Perhaps what keeps Blossom Tales intriguing is its means of storytelling. As the action goes on, the grandfather is telling the tale to his grandkids, who often try to get their own spin on the story as he progresses. In some cases the kids will argue over who'll face off with Lily next, or even get mad when Lily dies due to grandpa's weak bladder. It's because of this sort of narration that the game presents a sort of heart that you don't see often in adventure games like this.
Gameplay-wise The Sleeping King is a lot of fun. Battling against golems, demons, living fire, and the various other monsters is not just challenging but also rewarding in both the metaphorical and literal sense. Defeating these enemies can lead to hidden surprises and some much-needed items for when it's time to dive into one of the five dungeons featured in this game. (Trust me when I say that you'll need as many heart revivals as possible before entering the much harder dungeons later on.)
Of course Blossom Tales isn't just about slaying the evil that walks amongst the land. There's also a big focus on exploration, which can lead to some hidden discoveries. The lands are filled with much mystery, to the point where finding a hidden area will probably occur by accident. In one instance, I was using my bombs to take care of a bandit village, only to blow up a rock and fall down a secret hole. Soon I was rewarded with tons of gold and health for unearthing this area, which also delivered a feeling of pure joy for finding such a lovely secret.
I was immensely surprised by the level of difficulty the dungeons delivered, as well. What started out as a sight of cutesy baddies and ho-hum challenges soon transformed itself into a reign of strategic, hardcore battles for the right to live. One particular dungeon had me dying nearly close to the finish every time, resulting in me having to start from the beginning. (Fortunately, the progress I made with its puzzles and mid-bosses were still intact, so at least that's something.) Nonetheless, more checkpoints would've sufficed in the long run, especially in the much tougher areas.

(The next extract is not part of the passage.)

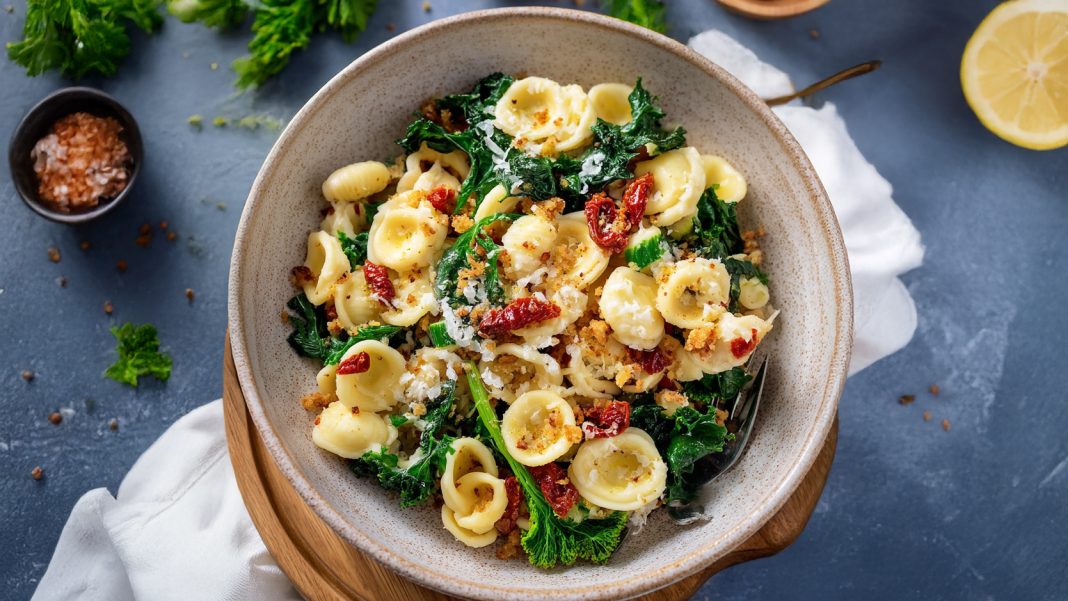 Orecchiette alle cime di rapa con briciole croccanti e pomodori secchi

Yet despite its tougher areas, Blossom Tales: The Sleeping King is too charming of a video game not to ignore. With its 11-hour runtime (depending on your skill, of course), this adventure succeeds at being fun, challenging, and rewarding from start-to-finish. Even when you reach its conclusion, you'll find yourself wanting to dive right back into it, something I can't say for most titles that borrow from Link & Navi's guidebook.
- Charming storytelling
- Fun, adventurous gameplay
- Great mixture of nostalgia and originality
- Gets difficult very fast for novices
Blossom Tales: The Sleeping King is the first non-Adventure Time Zelda-inspired clone that I found myself immensely enjoying from start-to-finish. With its charming story, fun gameplay, and bight challenges throughout its runtime, Castle Pixel has managed to craft this tale of Lily into what I hope to be a new indie adventure franchise. I, for one, look forward to seeing what other sorts of journeys may entail in Blossom Tales if it continues onward.
Promotional consideration provided by Philipp Döschl of FDG Entertainment. Reviewed on the Nintendo Switch.